If \(\overline{\mathrm{a}}, \overline{\mathrm{b}}, \overline{\mathrm{c}}\) are three vectors such that \(|\overline{\mathrm{a}}+\overline{\mathrm{b}}+\overline{\mathrm{c}}|=1\), \(\overline{\mathrm{c}}=\lambda(\overline{\mathrm{a}} \times \overline{\mathrm{b}})\) and \(|\overline{\mathrm{a}}|=\frac{1}{\sqrt{3}},|\overline{\mathrm{b}}|=\frac{1}{\sqrt{2}},|\overline{\mathrm{c}}|=\frac{1}{\sqrt{6}}\), then the angle between \(\bar{a}\) and \(\bar{b}\) is

Let \(\theta\) be the angle between \(\bar{a}\) and \(\bar{b}\).
\(
\begin{aligned}
& \text { Since } \overline{\mathrm{c}}=\lambda(\overline{\mathrm{a}} \times \overline{\mathrm{b}}) \\
& \Rightarrow \overline{\mathrm{c}} \perp \overline{\mathrm{a}}, \overline{\mathrm{c}} \perp \overline{\mathrm{b}} \\
& \Rightarrow \overline{\mathrm{c}} \cdot \overline{\mathrm{a}}=\overline{\mathrm{c}} \cdot \overline{\mathrm{b}}=0
\end{aligned}
\)
Now,
\( |\overline{\mathrm{a}}+\overline{\mathrm{b}}+\overline{\mathrm{c}}|=1 \)

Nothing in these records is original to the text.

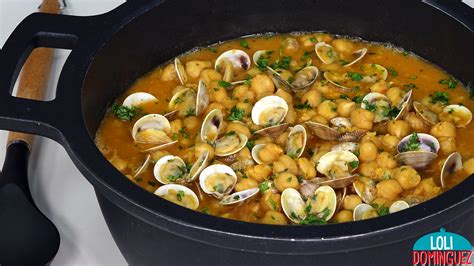 Garbanzos con almejas listos para servir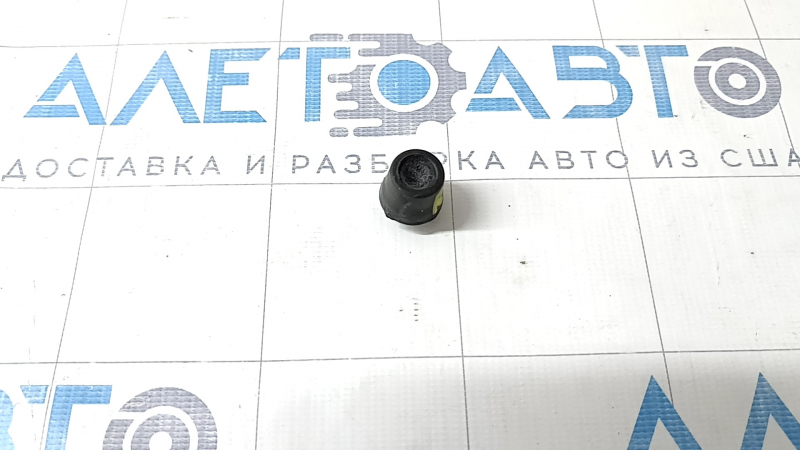 Отбойник крышки багажника правый Toyota Camry v40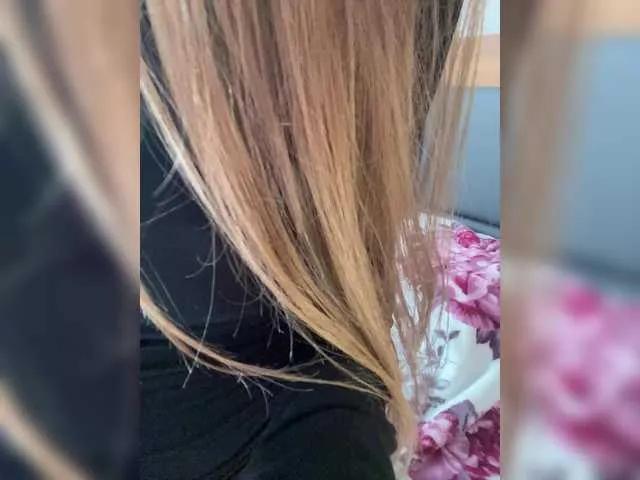 Offline PALMIIRA on BongaCams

\( \Rightarrow|\overline{\mathrm{a}}+\overline{\mathrm{b}}+\overline{\mathrm{c}}|^2=1 \)
\( \Rightarrow|\overline{\mathrm{a}}|^2+|\overline{\mathrm{b}}|^2+|\overline{\mathrm{c}}|^2+2(\overline{\mathrm{a}} \cdot \overline{\mathrm{b}}+\overline{\mathrm{b}}\) \(\cdot \overline{\mathrm{c}}+\overline{\mathrm{c}} \cdot \overline{\mathrm{a}})=1 \)
\( \Rightarrow \frac{1}{3}+\frac{1}{2}+\frac{1}{6}+2\{|\overline{\mathrm{a}}||\overline{\mathrm{b}}| \cos \theta\}=1 \)
\( \Rightarrow \cos \theta=0 \)
\( \Rightarrow \theta=\frac{\pi}{2}\)